В родном углу. Как жила и чем дышала старая Москва | страница 118



Но большие короба таких кусков шли и на сторону, притом не случайно, а постоянно. Не было секрета, что в лавках у него служат на немалом жалованье родственники и свойственники, которым что-то не служилось в других местах, где не по-родственному, а по-деловому с них спрашивалось. Не было секрета, что отец из года в год помогает трем своим замужним сестрам, т. е. попросту дает им ежемесячную «дачу», и что он же в свое время выдал их замуж, наградив и «Божиим милосердием» (образа), и всем потребным по обычаю скарбом. Не было секрета и в том, что отец вплоть до своего разорения продолжал выдавать замуж, то есть снабжать приданым, своих родственниц и свойственниц из молодых поколений, которые зачастую и появлялись-то впервые в нашем доме только для того, чтобы доложить: «Я, дядюшка, ваша троюродная племянница такая-то и выхожу замуж за такого-то», – и затем предъявлялся реестр приданого, которое предполагалось получить из лавок отца. Иной раз такой реестр сообщался письменно. Один из них сохранился: свойственница, выходящая замуж, благодарит «сестрицу» (мою мать), что уже получила от Николая Зиновеевича и то, и другое, и третье, и пятое, и десятое, но тут же сообщает, что ей, по ею сочиненному реестру, не хватает бархата на выездное платье, шелкового «верху» на шубу и «шляпы для визитов» и что она ввергнется в неизлечимую горесть, если не получит всего этого от Николая Зиновеевича, за которого обещает «по гроб молить Бога». Просительница выходила замуж за владельца колониальной лавки на Стромынке, причем единственный «визит», который ей пришлось бы сделать после свадьбы, – это к нам же в дом, в Плетешки, визит, вовсе не требовавшийся, но «шляпа для визитов» поднимала эту Лизаньку в ее собственных глазах, тешила ее легким миражом, что и она, как другие, «устанет от визитов», разъезжая по родственникам и знакомым после «бракосочетания» и «вечернего стола». И отец, понимая, как дорог и нужен человеку такой мираж, не только посылал Лизаньке «верх» на шубу, но и посылал на «шляпу для визитов».
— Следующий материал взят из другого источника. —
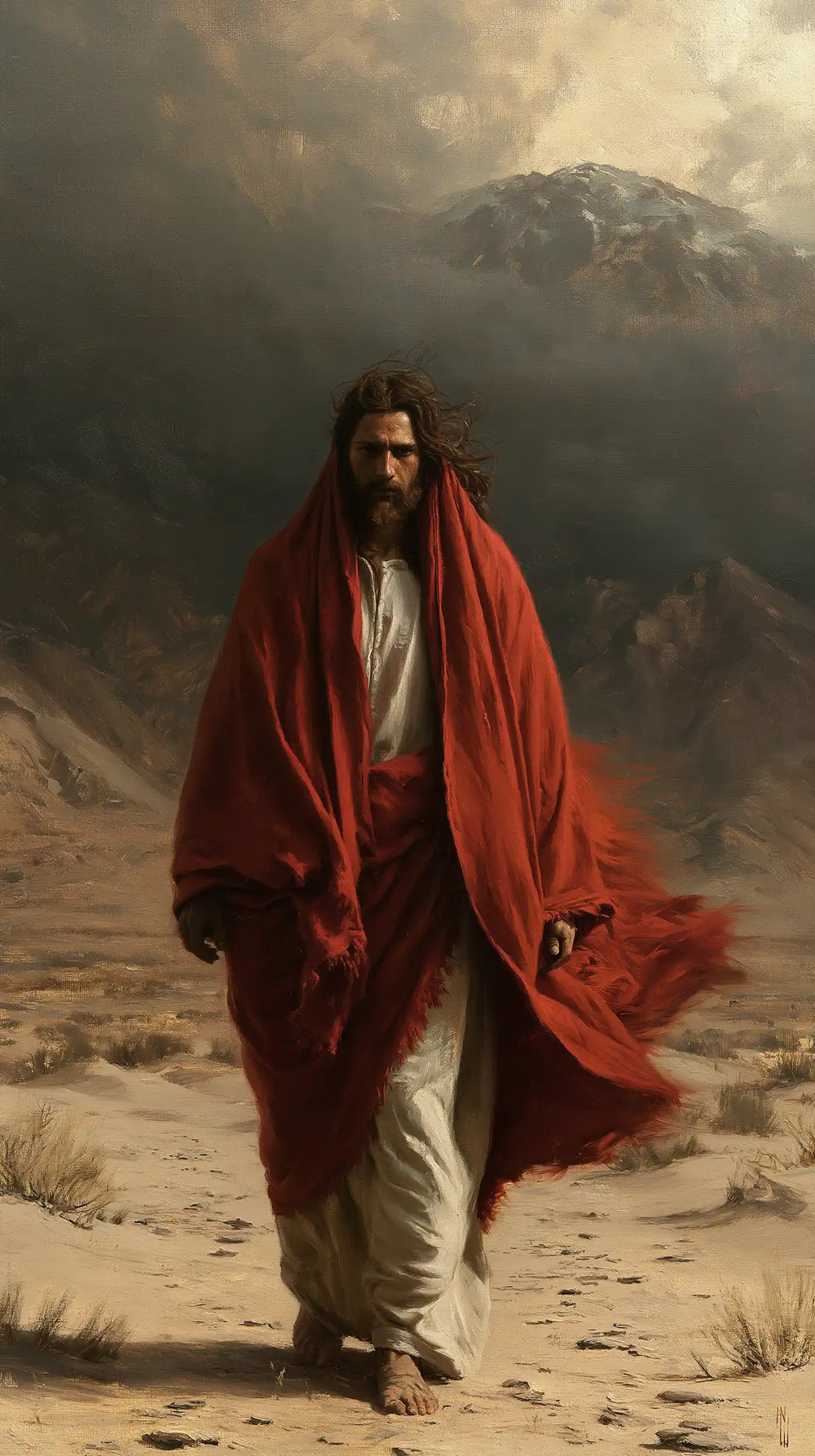 Jesus confronting an inner spiritual struggle in the desert in The Inner Struggle style, portrait Christian artwork no. 15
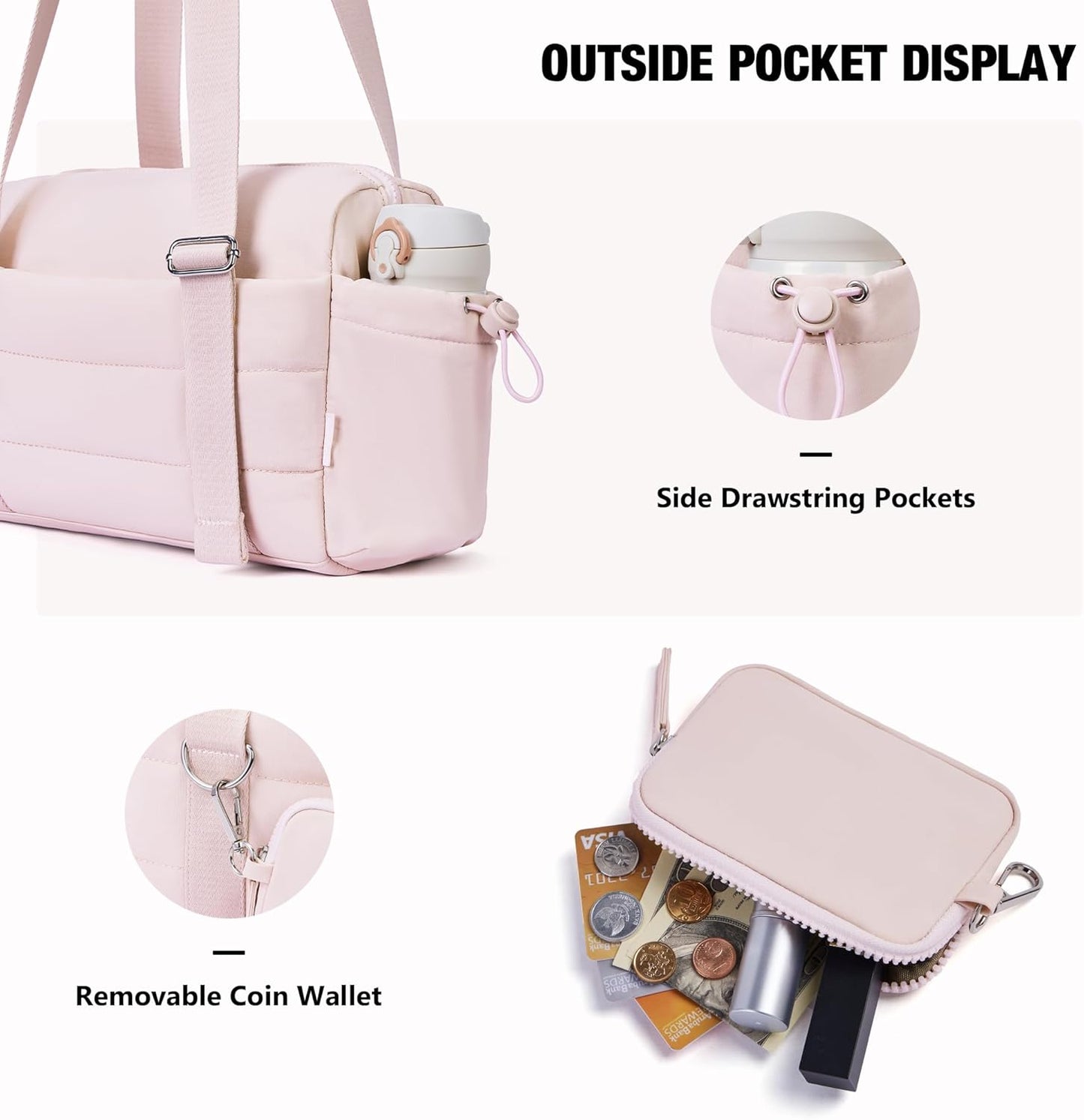ROULENS Small Gym Bag for Women 2 Set Mini Gym Duffle Bag with Wet Compartment and Coin Wallet, Gym Tote Bag for Workout/Sport/Travel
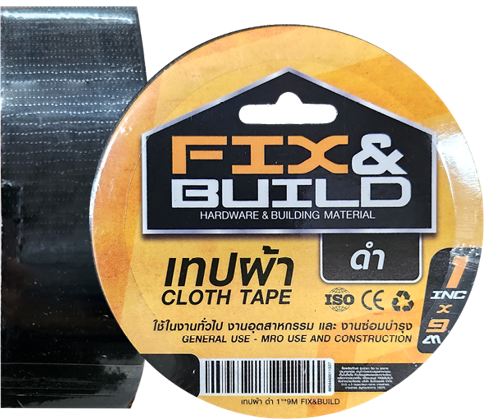 [1004218] เทปผ้า ดำ 1"x9M FIX&BUILD+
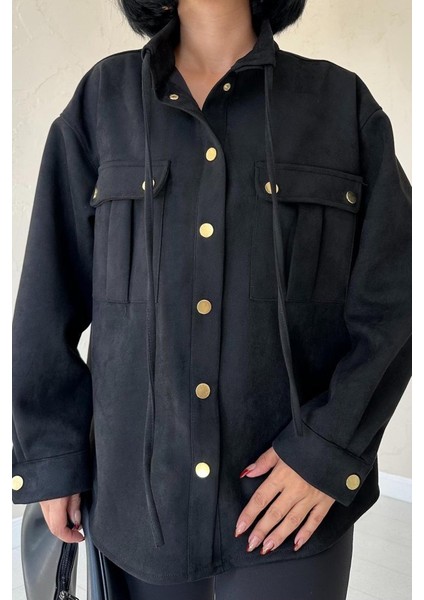 Munn Collection Siyah Çıtçıtlı Süet Gömlek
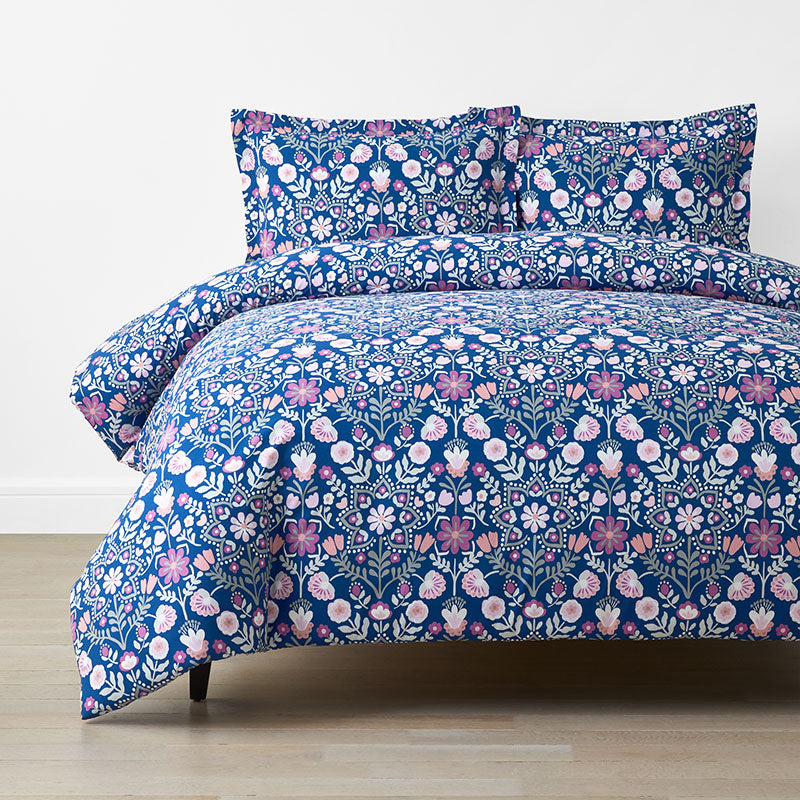 Folk Garden Classic Cool Organic Cotton Percale Duvet Cover Set - Navy, Twin/Twin XL,Navy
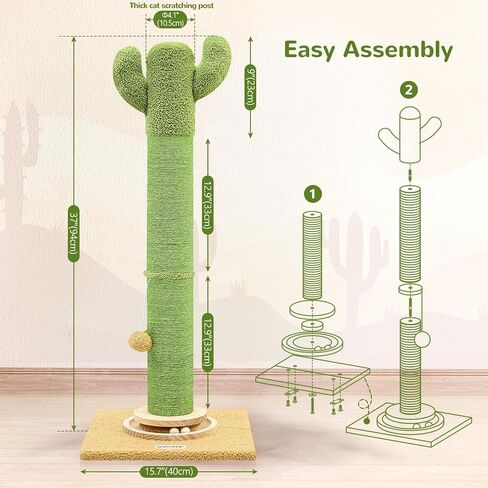 SC35 Extra Thick Heavy Duty Cat Scratching Post for Large Cats & Kittens, 35-Inch Large Cat Scratch Post for Indoor Cats with Hanging Toy & Wooden Ball Tracking Interactive Toy, Light Grey in Kuwait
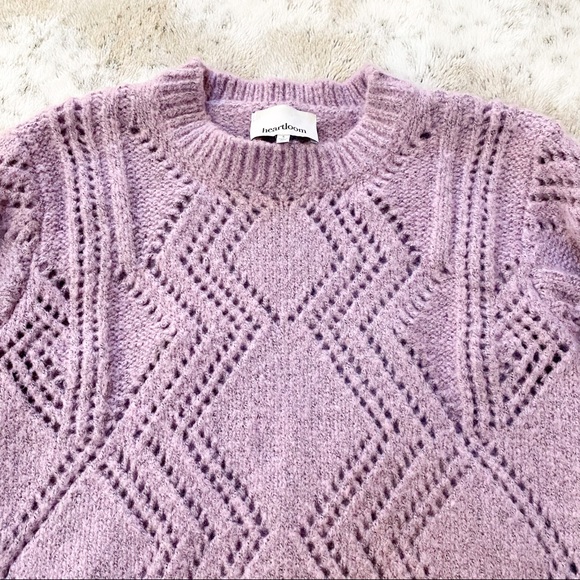 Heartloom Holden Knit Crewneck Pullover Sweater Lilac size small - Picture 6 of 11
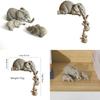 Elephant Resin Figurine Set With Creative Design For Home Decor And Giftgiving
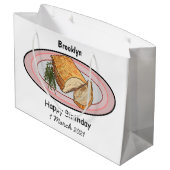 Cartoon-Darstellung von Schweinebauch Große Geschenktüte (Rückseite Schrägansicht)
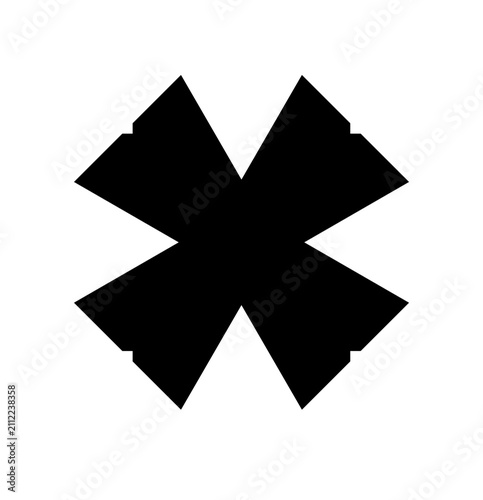 Black cross x icon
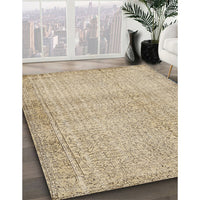 Contemporary Dark Almond Brown Modern Rug, con483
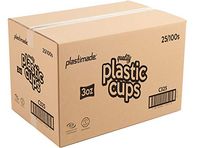 [2500 Count] PlastiMade 3 Oz Clear Plastic Disposable Reusable Cups For Drinking, Bathroom, Rinsing, Test, Medication, Party, Home, Office, Water, Juice, Kids. 25 Packs (1 Case)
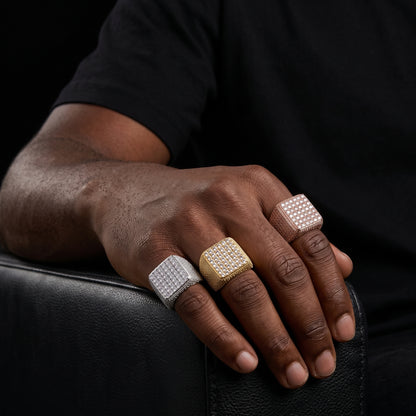 Iced Out Square Signet Ring - Different Drips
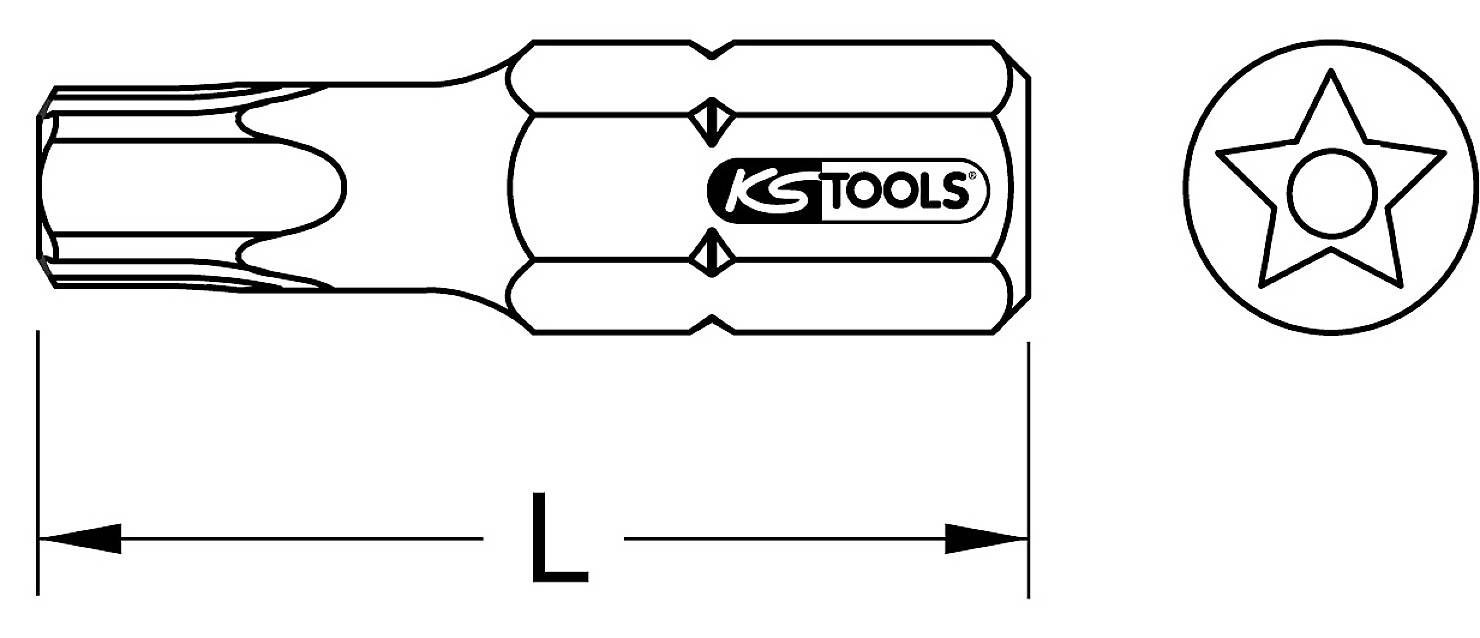 Torx Bit von KS Tools mit Sternform an der Spitze und der Länge L; geeignet für spezielle Schraubverbindungen.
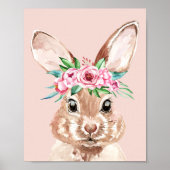 Poster Bunny D'Aquarelle Rose Pastel Moderne Avec Fleurs (Devant)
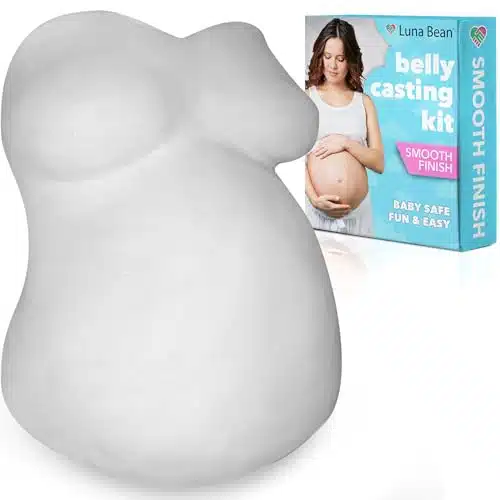 Proud Body Luna Bean Belly Casting Kit Pregnancy, Deluxe Belly Cast With Smooth Finish   Gift For Expecting Mom, Baby Nursery Decor, Mothers Day Keepsake, Mom To Be Gift, Preg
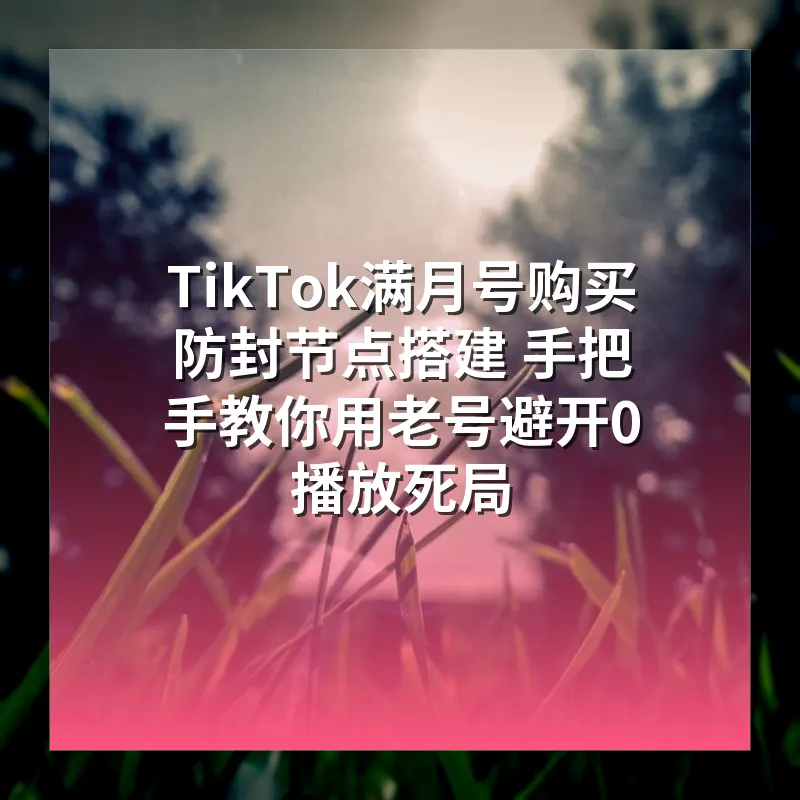 TikTok满月号购买防封节点搭建 手把手教你用老号避开0播放死局
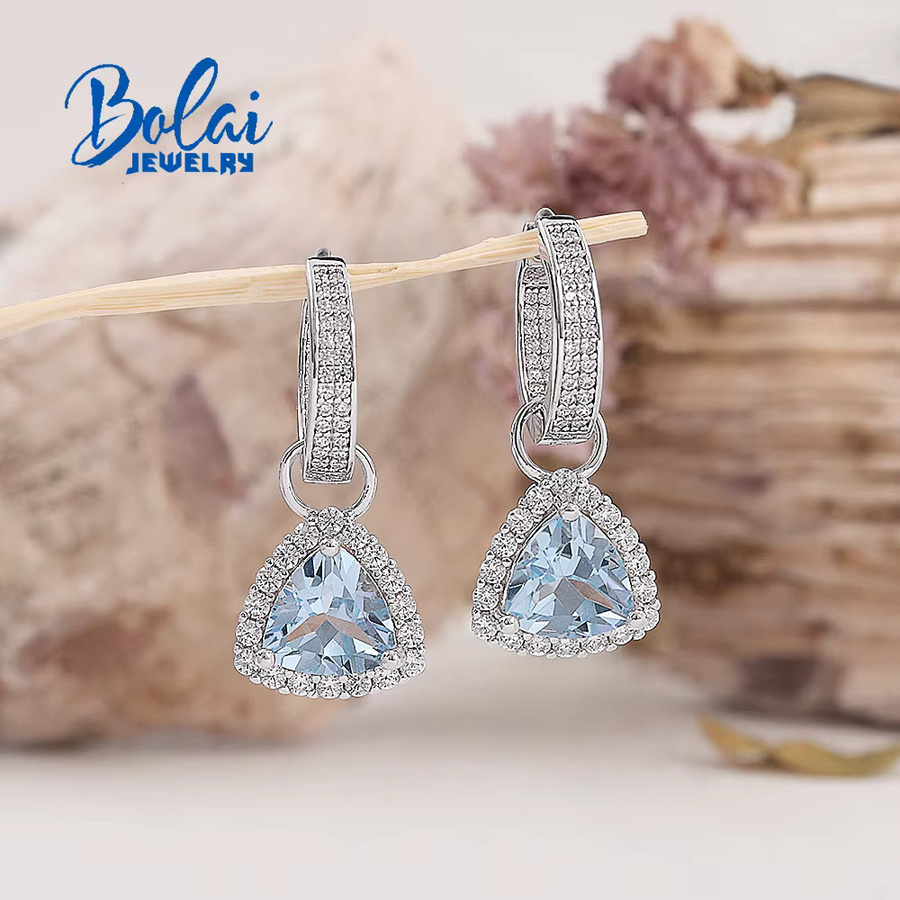 bolaijewelry Ohrringe, 925 Silber, Topas, Zirkonia, Damen - Bild 2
Но кроме «свойственниц», чем-то и как-то все-таки сцепленных с нашим домом, отец помогал и множеству «бедных невест», у которых все право на его внимание и заботу было в первом слове: «бедных». Но это право очень много значило в его сердце, и я не ошибусь, сказав: и в его вере. «Отрежьте на подвенечное платье и запишите на дом» – этот отцовский приказ часто слышался в его лавке, и приказчики не очень-то его любили: на подвенечное платье всегда шел самый дорогой товар – белый шелк или белый кашемир. «Запишите на дом» – значило, что товар отпущен без денег, будто для дома, в Плетешки.